As of Monday evening, Debby is a weak tropical storm by classification (winds only ~45 mph...) but powerful in impacts, especially in flooding rainfall. Debby was nearly stationary in movement, making her an unwelcome guest that just won't leave. For the latest advisory and conditions on Debby, click here to visit the National Hurricane Center's website.
As we well know locally, it's not always about the high winds, but sometimes the rainfall impact and resultant flooding can be the most devastating effect of tropical systems. Rainfall totals have already topped the 10" mark in some parts of the west-central Florida coast, with 6-12" more possible a bit farther north near . Widespread flooding has been a large part of the problems with Debby, but the threat of an occasional tornado spin up also looms under the expansive reach of Debby. The image just below shows the accumulated rain over the past 7 days. Take a look at the purple colors, and the correlation to 10-15+" of rain just north of Tampa...an entire Summer's worth of rainfall for Tampa, fallen in just a few days!
This next image (below) shows the 5 day forecast of precipitation from the Hydrometeorological Prediction Center (HPC) with another bullseye of 17" or perhaps more just slightly north of the same region already inundated with water.
This amount of water would push several area rivers in major flood stage. Check out this river gauge and forecast for the Sopchoppy River in the Florida panhandle just east of Panama City... The forecast shows the river heading to major flood stage, even HISTORIC! The forecast river crest is at a level nearly 10 feet HIGHER than the highest crest on record.
On one hand, Debby might have been welcomed to certain extent. Florida did need some rain. Pre-Debby, the US Drought Monitor diagnosed some parts of northn Florida in a moderate to severe drought, having received very little rainfall so far this year. A little rain would have been helpful, but not so much all at once.
Again, with the VERY slow movement of Debby, the forecast takes her over the northern portion of Florida over the next 3-4 days, slowly dissipating to a tropical depression (winds less than 39 mph). Regardless of strength in wind speed, Debby will continue to be a huge flood threat for Florida.
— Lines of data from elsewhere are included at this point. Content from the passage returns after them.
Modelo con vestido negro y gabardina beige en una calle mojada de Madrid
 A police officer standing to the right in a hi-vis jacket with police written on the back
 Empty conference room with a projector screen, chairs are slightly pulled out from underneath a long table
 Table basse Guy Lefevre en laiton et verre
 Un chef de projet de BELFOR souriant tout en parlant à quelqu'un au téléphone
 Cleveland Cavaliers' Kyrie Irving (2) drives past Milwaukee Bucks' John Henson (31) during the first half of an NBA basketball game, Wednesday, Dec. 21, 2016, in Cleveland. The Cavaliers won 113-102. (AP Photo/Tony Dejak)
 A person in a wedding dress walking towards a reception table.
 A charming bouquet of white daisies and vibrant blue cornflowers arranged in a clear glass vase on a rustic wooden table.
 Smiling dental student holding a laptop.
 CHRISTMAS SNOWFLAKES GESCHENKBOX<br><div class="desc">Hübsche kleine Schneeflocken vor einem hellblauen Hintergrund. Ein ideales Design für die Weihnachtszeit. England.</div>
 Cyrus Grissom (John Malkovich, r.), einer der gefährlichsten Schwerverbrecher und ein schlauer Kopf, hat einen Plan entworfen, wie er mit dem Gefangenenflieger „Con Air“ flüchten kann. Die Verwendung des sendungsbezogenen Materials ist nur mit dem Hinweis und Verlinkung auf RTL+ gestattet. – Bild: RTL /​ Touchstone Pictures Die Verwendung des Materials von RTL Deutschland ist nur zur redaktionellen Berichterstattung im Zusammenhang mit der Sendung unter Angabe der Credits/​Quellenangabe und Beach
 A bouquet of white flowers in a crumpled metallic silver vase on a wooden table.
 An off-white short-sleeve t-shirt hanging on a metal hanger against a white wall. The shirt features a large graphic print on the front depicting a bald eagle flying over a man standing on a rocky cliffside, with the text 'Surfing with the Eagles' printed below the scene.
Continue to monitor local statements from the National Weather Service in Florida (click here for Tallahassee/north Florida and click here for north central/western Florida/ Tampa) if you plan to travel there anytime within the next week or 2.
After Friday, some models take Debby up the east coast which could bring impacts along the Carolinas, and perhaps eventually a high rip current threat and high surf to parts of southern New England as the remnants of Debby scoot out through the Atlantic (several hundreds of miles away from the New England coast). Let's give that a few more days.